Marking the 20th anniversary of the landmark agreement, the Green Party leader said: “At the age of 18, I was one of those who attended the historic peace concert headlined by U2 and Ash and it is heart-wrenching that the hopeful path we were on has ended up here.

“I am more disappointed than I can say that the hopes of so many people have been betrayed by the two parties who have shown a lack of commitment to the principles of the Good Friday Agreement and a lack of commitment to making the institutions work.

“Both the DUP and Sinn Fein have spent the years since that Good Friday chipping away at the foundations of the Agreement and bringing about the collapse of the institutions by means of a series of behind-closed-doors deals which never sought the explicit consent of the people of Northern Ireland.
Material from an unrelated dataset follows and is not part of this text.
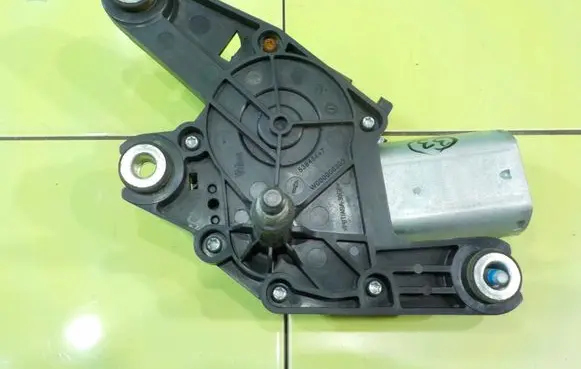Mercedes-Benz C W204 Rear window wiper motor 53029912 XP214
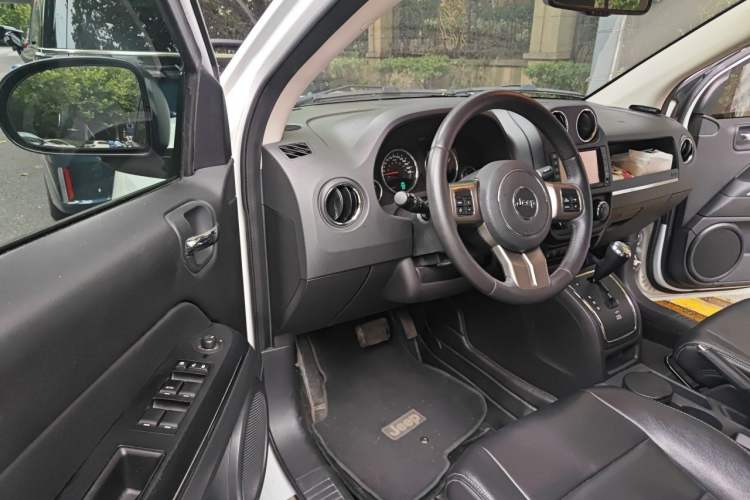 Used Jeep Compass 2013 2.4L Four-wheel Drive Black Edition with Navigation Driver Seat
“The talks that resulted in the Good Friday Agreement were exceptional in their ambition and scope, bringing in a wide range of people who took a brave step to forge a workable agreement.

“It took players such as Women’s Coalition to make an agreement and a peace that worked, yet now the Secretary of State expects a repetitive two-party talks process to work.

“We need to return to that spirit and we need to see that courage again. The Good Friday Agreement was the people’s agreement and we need to return it to the people.

“The Green Party is doing all it can to build consensus, but what we need now is a talks process that involves all parties with an Assembly mandate, with an independent facilitator and chair.

“The UK government cannot be both chair and party to the discussions and was not in this position during the talks that led to the 1998 Agreement.

“We need a Citizens’ Assembly operating in parallel with this talks process, tasked with producing recommendations to review, reform and revitalise the institutions of the Good Friday Agreement.

“I have never seen such a level of disillusionment with Northern Ireland politics and the only way to break the deadlock is to come up with new and imaginative approaches, instead of doing the same thing over and over again and expecting a different outcome.”